Look through the material below. Return exactly the lines from the one with "洞洞杂货店第81话-妳要我废除洞口?!" through the one with "入户门玄关电视柜摆件乔迁之喜装饰新居布置搬家入宅仪式用品礼物", both included.

### Records provided:
------------------------------------------------------------------------
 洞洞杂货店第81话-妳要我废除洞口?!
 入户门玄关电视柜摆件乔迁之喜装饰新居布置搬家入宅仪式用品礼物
------------------------------------------------------------------------
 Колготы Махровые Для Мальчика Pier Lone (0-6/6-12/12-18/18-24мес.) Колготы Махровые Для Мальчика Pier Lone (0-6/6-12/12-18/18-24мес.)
------------------------------------------------------------------------
### Answer for the task:
 洞洞杂货店第81话-妳要我废除洞口?!
 入户门玄关电视柜摆件乔迁之喜装饰新居布置搬家入宅仪式用品礼物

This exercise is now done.